Don’t go backward on voting rights

Posted Aug. 05, 2011, at 6:31 p.m.

In the earliest days of our country, voting rights were granted selectively. Only white men with land and wealth were allowed to participate in their government.

Women, minorities and the poor were left on the outside, uncounted and at the political mercy of the ruling elite.

But slowly — inch by painful inch — our country realized that voting and political participation are the lifeblood of democracy.

I’m old enough to remember the bad old days when states tried to impose restrictions on voting.

Many of those restrictions targeted people of color. Literacy tests and poll taxes were enacted as part of the Jim Crow laws in the South. Literacy tests were outlawed by the Voting Rights Act of 1965. Poll taxes were ruled unconstitutional in 1966 in the Supreme Court case of Harper v.
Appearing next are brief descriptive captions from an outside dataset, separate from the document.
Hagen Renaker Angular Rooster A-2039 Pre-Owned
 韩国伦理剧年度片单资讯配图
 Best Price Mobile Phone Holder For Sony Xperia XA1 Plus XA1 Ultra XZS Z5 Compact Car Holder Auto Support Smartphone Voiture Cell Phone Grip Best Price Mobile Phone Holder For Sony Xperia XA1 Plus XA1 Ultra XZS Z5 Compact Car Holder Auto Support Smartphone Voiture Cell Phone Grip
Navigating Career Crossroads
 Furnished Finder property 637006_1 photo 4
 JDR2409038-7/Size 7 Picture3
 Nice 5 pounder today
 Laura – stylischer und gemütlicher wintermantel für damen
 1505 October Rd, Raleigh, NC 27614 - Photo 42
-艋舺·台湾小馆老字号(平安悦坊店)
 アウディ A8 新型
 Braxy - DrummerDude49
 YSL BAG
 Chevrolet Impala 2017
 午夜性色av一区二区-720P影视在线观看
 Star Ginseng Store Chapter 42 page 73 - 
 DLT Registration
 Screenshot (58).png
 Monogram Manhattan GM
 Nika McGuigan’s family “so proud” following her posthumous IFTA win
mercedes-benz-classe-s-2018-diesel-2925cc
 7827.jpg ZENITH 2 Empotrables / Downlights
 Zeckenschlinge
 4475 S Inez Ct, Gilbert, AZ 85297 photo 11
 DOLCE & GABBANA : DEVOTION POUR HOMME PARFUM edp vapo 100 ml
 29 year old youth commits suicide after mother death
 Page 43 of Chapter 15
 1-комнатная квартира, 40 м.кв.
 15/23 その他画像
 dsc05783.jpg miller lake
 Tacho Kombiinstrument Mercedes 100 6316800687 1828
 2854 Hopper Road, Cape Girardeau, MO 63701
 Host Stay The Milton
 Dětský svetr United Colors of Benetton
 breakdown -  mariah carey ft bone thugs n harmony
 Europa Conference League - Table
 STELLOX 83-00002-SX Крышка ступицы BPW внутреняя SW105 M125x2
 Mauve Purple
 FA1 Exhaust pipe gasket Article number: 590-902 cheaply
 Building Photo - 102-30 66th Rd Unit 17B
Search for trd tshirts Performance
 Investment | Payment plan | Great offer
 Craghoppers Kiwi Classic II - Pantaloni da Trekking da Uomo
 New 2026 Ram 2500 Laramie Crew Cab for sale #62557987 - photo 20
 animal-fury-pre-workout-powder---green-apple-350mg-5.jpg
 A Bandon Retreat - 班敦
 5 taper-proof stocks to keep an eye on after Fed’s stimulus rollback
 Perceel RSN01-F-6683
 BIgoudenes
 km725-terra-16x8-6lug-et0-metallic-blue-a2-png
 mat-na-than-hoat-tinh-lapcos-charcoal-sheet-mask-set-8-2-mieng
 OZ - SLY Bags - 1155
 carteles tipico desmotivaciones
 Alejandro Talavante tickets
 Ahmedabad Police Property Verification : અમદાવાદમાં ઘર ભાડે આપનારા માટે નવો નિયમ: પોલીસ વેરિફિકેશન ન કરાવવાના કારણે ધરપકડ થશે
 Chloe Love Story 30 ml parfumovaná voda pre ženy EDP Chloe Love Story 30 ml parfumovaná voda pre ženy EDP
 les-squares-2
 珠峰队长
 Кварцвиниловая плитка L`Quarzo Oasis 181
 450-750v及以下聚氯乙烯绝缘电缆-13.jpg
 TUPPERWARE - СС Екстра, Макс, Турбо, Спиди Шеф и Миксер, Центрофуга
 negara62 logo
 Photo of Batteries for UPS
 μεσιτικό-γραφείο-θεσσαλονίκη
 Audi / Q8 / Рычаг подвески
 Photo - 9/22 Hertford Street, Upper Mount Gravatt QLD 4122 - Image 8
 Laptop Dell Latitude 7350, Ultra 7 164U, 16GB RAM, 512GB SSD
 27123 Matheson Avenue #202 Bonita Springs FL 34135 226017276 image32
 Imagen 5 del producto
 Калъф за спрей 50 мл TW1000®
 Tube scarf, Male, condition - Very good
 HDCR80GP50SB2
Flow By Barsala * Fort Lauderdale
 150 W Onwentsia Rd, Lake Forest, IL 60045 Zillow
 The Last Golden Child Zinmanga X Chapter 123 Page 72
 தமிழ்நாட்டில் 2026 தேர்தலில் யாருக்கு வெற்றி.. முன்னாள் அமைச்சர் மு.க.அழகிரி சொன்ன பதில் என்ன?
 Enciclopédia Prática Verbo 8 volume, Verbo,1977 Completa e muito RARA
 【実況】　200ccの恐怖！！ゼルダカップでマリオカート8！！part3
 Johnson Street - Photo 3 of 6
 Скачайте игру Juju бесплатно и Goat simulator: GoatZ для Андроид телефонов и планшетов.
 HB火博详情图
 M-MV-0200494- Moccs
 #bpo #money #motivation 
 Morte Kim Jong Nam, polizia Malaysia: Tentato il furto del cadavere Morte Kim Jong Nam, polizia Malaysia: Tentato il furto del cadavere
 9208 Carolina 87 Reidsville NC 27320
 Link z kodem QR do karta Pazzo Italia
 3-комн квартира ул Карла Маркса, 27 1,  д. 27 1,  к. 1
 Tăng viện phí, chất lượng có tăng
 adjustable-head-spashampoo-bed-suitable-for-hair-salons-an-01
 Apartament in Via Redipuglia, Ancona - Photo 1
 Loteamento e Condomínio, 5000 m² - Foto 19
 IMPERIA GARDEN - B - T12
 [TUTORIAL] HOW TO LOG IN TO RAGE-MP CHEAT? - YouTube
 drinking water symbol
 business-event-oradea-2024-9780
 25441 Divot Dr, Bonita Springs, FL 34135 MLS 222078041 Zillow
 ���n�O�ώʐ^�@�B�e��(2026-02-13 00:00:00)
Virginia Board of Elections.

Since then, our country has taken deliberate steps to encourage people to vote and Maine has consistently been a leader in the effort.

In the early 1970s, I was working for Gov. Ken Curtis and then for the Maine Human Rights Commission. In 1973, Republicans controlled Maine’s Legislature, just as they do today.

Back then, it was Republicans who passed same-day or Election Day registration, which allows voters to register and vote on Election Day.

This important election reform has stood the test of time and proven to be an effective way to help eligible voters cast their ballot.

I cannot understand why we would turn the clock back now.

In 1972, Maine ranked 21st in the country in voting turnout. In 2008, we ranked third.

The only states who ranked higher were Minnesota and Wisconsin, and both of those states have same-day voter registration as well.

The national turnout rate during the 2008 election was only 61.7 percent, but among states with same-day voter registration, average turnout was 70.2 percent. All nine states with same-day voter registration ranked higher than the national average.

Same-day voting registration worked in 1973. And it has worked for more than 30 years since.

I am an eighth-generation Mainer. I served my country in the U.S. Army. I attended the University of Maine. And I have built my life in a state that has respected the sacred right of voting.

When legislation was passed this year that eliminated Election Day registration, I could not stand by as my state made a terrible mistake.

On the day Gov. Paul LePage signed the law eliminating same-day registration, I joined with five other Mainers to say “no.” We filed the paperwork to begin a people’s veto.

We’re part of a nonpartisan coalition that is determined to protect voting rights for all Mainers, regardless of their political party or affiliation. Thousands of volunteers are busy at work today collecting the more than 57,000 signatures necessary to place a people’s veto on the ballot.

They’re working hard, but they need our help.

With the passage of LD 1376, which eliminated same-day registration, we have a responsibility to take action to protect access to the ballot box.

This is serious work on a serious topic. If we are unsuccessful, thousands of Mainers — as many as 70,000 in the last two elections, for example — could be turned away on Election Day, unable to vote.

Their voices will be silenced for no good reason.

That’s wrong, and we can’t allow it to stand.

Bob Talbot was one of the original six citizens who began the people’s veto campaign to restore Election Day registration. He lives in Bangor.